Molti carnefici giustificarono il proprio terribile compito sostenendo che eseguivano ordini, ma soprattutto che a loro non era richiesto di pensare agli scopi ultimi del sistema sanguinario per il quale lavoravano. Essi dovevano solo eseguire un lavoro e nel migliore dei modi possibili.
Non è un caso che alcuni intellettuali sostengano che il nazismo è stato una prova generale di quello che poi avverrà con l’ era della tecnica.
È il caso di sottolineare che una parcellizzazione estrema dei lavori favorisce fortemente a originare una unica e onnipresente angoscia ovvero quella di essere costantemente in grado di fare il nostro specifico lavoro. La continue e veloci innovazioni della tecnica sono tali che l’ uomo fa fatica a essere sistematicamente pronto a interiorizzare le cennate innovazioni e anche questo contribuisce fortemente a creare un disagio sociale.
Le odierne patologie mentali non sono più originate dall’assillo di ottemperare alle regole di una società della disciplina, bensì dalla paura di non essere più al passo con le sempre nuove richieste del nostro apparato di cui facciamo parte.
Questo viene anche accentuato dalla moderna solitudine che ha frantumato qualsiasi tipo di solidarietà e, quindi, il collega di lavoro non è che un competitore, in quanto, il meno preparato, in caso di crisi aziendale, sarà colui che verrà licenziato.
Di fatto, una logica imperante senza etica e/o morale e per la quale non esiste alcun vero pensiero alternativo.
Un pensiero alternativo necessitato dal fatto che viviamo un totale ribaltamento del principio illuminista per il quale a base dell’ agire deve esserci la tutela dell’ uomo.
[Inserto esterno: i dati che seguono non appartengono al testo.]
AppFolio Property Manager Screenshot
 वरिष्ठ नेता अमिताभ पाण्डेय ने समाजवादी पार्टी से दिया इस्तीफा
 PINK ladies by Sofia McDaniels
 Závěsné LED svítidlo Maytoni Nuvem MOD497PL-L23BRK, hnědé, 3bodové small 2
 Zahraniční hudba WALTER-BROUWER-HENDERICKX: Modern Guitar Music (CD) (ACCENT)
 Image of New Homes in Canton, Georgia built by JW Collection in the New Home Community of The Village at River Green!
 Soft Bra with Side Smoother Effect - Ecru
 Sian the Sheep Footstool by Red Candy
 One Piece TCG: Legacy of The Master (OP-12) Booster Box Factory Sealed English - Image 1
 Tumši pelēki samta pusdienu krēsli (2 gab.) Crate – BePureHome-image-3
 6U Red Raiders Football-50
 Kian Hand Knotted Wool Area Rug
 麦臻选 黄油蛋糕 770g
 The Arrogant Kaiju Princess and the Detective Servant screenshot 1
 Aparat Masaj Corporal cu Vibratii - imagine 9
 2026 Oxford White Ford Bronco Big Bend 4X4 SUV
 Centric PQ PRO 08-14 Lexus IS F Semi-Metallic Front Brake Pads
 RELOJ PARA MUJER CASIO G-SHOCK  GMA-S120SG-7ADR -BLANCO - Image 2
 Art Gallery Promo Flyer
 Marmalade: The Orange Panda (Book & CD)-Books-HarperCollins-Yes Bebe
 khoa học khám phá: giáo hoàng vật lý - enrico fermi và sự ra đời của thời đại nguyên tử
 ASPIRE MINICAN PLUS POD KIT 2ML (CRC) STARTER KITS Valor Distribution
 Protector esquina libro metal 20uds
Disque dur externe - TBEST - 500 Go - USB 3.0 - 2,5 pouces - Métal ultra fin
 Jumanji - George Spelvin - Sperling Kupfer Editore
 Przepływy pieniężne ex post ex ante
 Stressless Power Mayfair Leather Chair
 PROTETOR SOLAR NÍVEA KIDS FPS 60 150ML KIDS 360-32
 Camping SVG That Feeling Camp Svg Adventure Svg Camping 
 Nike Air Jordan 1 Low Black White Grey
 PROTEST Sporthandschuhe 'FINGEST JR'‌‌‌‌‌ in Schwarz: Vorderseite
Se un istituto bancario dispone che i propri dipendenti vendano dei titoli spazzatura e ciò viene eseguito, costituisce una concreto esempio delle conseguenze dell’ opera di chi sa fare solo di conto e non di quello che si pone un problema di etica. Infatti, al dipendente che proverà a sollevare un problema di etica in ordine alla truffa che si accinge a fare, sarà risposto dall’ azienda che egli è pagato non per pensare, e tanto meno in termini etici, ma per eseguire al meglio le disposizioni ricevute.
Quando giustamente si parla di crescente disumanizzazione, credo che la causa di ciò vada ascritta non a una generica e non meglio precisata caduta etica dell’ uomo, bensì alle modalità di produzione di beni e fornitura di servizi in una epoca nella quale la tecnica sta soggiogando gli esseri umani.
Perfino in quegli enti che dovrebbero essere non influenzabili dalle esigenze del mercato assistiamo a un preoccupante cambiamento involutivo. Basti pensare al fatto che in alcune scuole è stato abolito il tema scritto di italiano che permetteva all’ insegnante di conoscere in qualche modo la personalità dell’ allievo e a quest’ ultimo di arricchire la propria fantasia, e in fin dei conti, la propria umanità come essere pensante. Già dalla scuola, secondo certi programmi ministeriali, si dovrebbe rendere a costruire una futura persona disposta ad adattarsi alle esigenze dell’ era della tecnica. L’ uomo per la sua natura è debordante, ridondante, fantasioso, capace di planare sulla realtà che lo circonda. Ecco perché si tende, già dal sistema educativo, a non costruire il cittadino, bensì colui che dovrà al meglio integrarsi in una certa scala di valori.
Ho provato ad evidenziare alcune modeste riflessioni in ordine a una preoccupante involuzione del rapporto tecnica/uomo. Diamo troppo per scontato alcuni cambiamenti che, invece, dovrebbero indurci a riflessioni per evitare che un domani, non lontano, ci troveremo a vivere senza accorgerci, in un mondo nel quale l’ essenza vera dell’umano viene negata.
In quel caso, tutto può succedere come il ritenere possibile teorizzare e praticare l’omissione di soccorso nei confronti di chi sta annegando in mare, mentre cercava di raggiungere quella che per lui era “una terra promessa”.